The Influence of the Chronicles of Amber on D&D and DCC
Zelazny’s influence on Dungeons and Dragons and Dungeon Crawl Classics are readily apparent. In D&D, one sees Zelazny’s Jack of Shadows shaping the thief class and the non-Vancian magic-wielding abilities of the sorcerer and warlock classes. In DCC, the Law vs. Chaos duality and uses of technology and techno-magic that defy later genre conventions are signature Zelazny.
Comparisons have been made between Shadows and the D&D multi-verse, but this author strongly questions those comparisons. The structure of the original D&D planes seems quite fixed, replete with a spatial “navigational chart.” Shadows are decidedly unfixed, reflecting their nature as the imposition of magical order over primal Chaos, with the magic of a Shadow walker arguably calling a dimension into existence. Furthermore, many planes in D&D—Elysium, Olympus, Hades, etc.—are straight from mythology. While classical mythology definitely influenced Zelazny’s work, Shadows are not a product of this influence. Even the Shadow we visit in the Chronicles that has a mythological reference—Avalon—is a version customized by Corwin, in which he, not Arthur, is the central figure.

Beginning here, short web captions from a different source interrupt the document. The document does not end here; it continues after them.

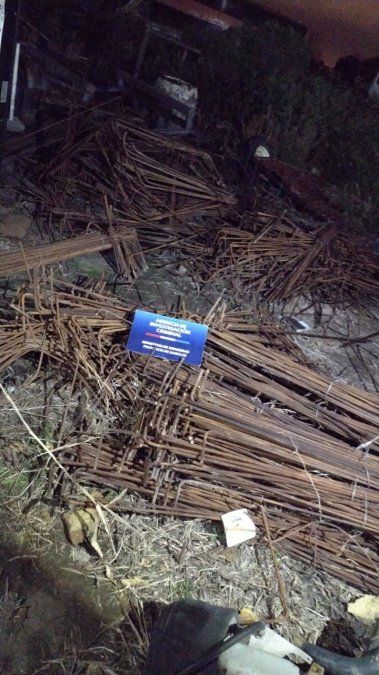 Secuestraron dos toneladas de hierro, 21 kg de cobre en un allanamiento en Pérez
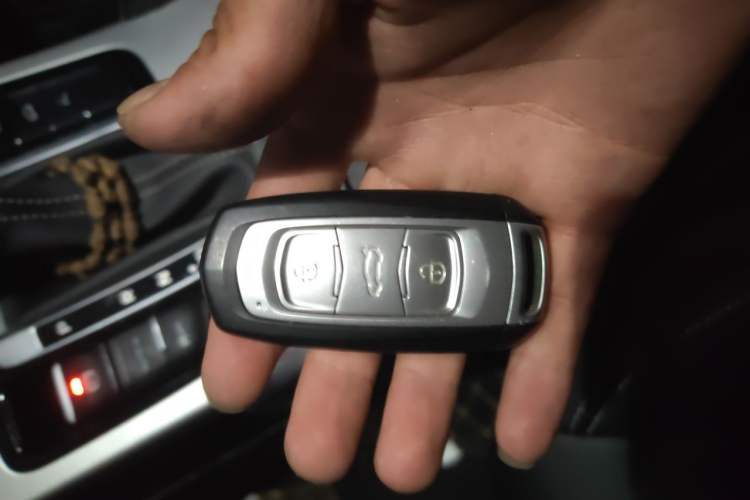 Used Geely Auto Emgrand X7 Sport 2016 1.8TD Automatic Smart Model Vehicle Key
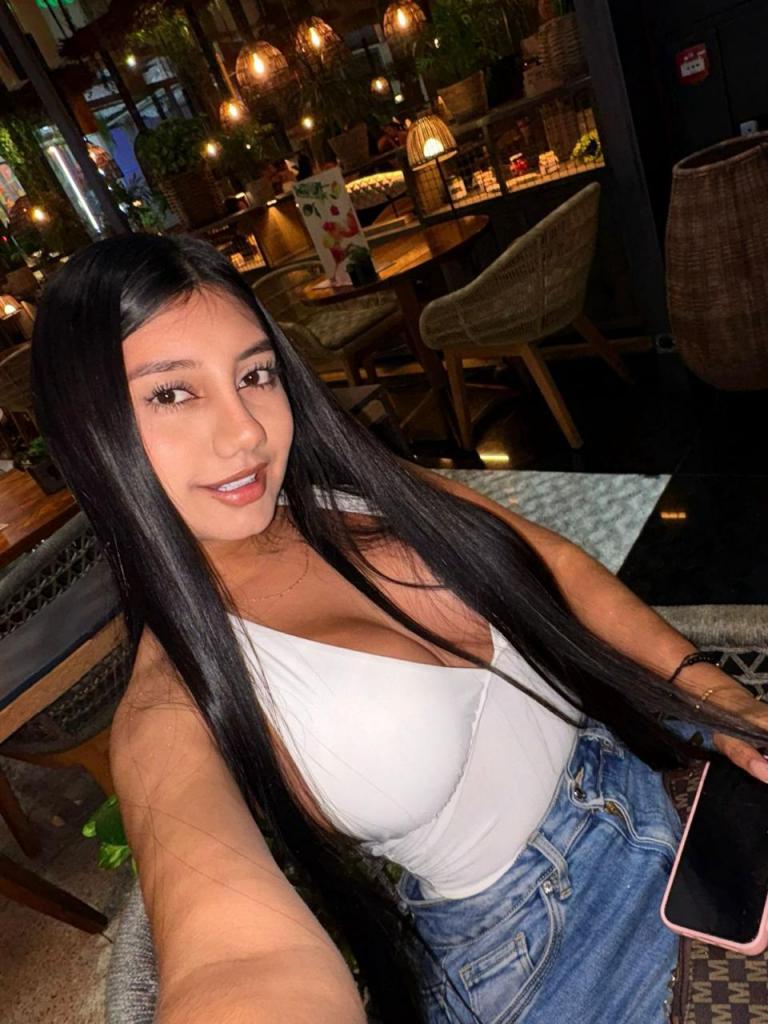 Chica busca chico en Granada:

This author would argue that the most important influence of the Chronicles on DCC has to do with Patrons. This influence might be easily missed for its subtle nuance; it is an inversion of our usual perspective. Through the Chronicles, the reader is given a view of the world not from the literary equivalent of PCs, but from beings who, in DCC, would be patrons. Corwin and his kin share more in common with Ningauble and Arioch than they do with Fafhrd, Cudgel, or DCC PCs—they are demi-gods who bestow minor boons upon mortals while getting the better end of the deal and showing little regard for any collateral damage:
“I walked among Shadows, and found a race of furry creatures, dark and clawed and fanged, reasonably man-like, and about as intelligent as a freshman in the high school of your choice… …they were loyal, devoted, honest, and too easily screwed by bastards like me.”
– Nine Princes in Amber
The reader comes to realize that even she is just another patron-bonded minion. In the Chronicles, Zelazny implicitly but powerfully breaks a literary “fourth wall,” suggesting that the very Earth that the reader inhabits is just another one of the royal Amberites’ throw-away dimensional playgrounds. In this way, the reader herself becomes “Patron-bonded.”
Like the Shadows: Limitless Potential for DCC
DCC has one product that appears influenced by the Chronicles of Amber—Michael Curtis’ Intrigue at the Courts of Chaos, though it could be argued that Mr. Curtis’ court of demon lords is more “Moorcockian” than Zelazny. Either way, as wonderful as Intrigue is, its “Zelaznyian orphan hood” in the DCC product catalog suggests that the surface of Zelazny’s direct, DCC-influencing potential has not even been scratched. A DCC take on the Chronicles could, and should, explore a non-Vancian magic system and offer “epic”-level, domain-style play in which PCs play the role of Patrons!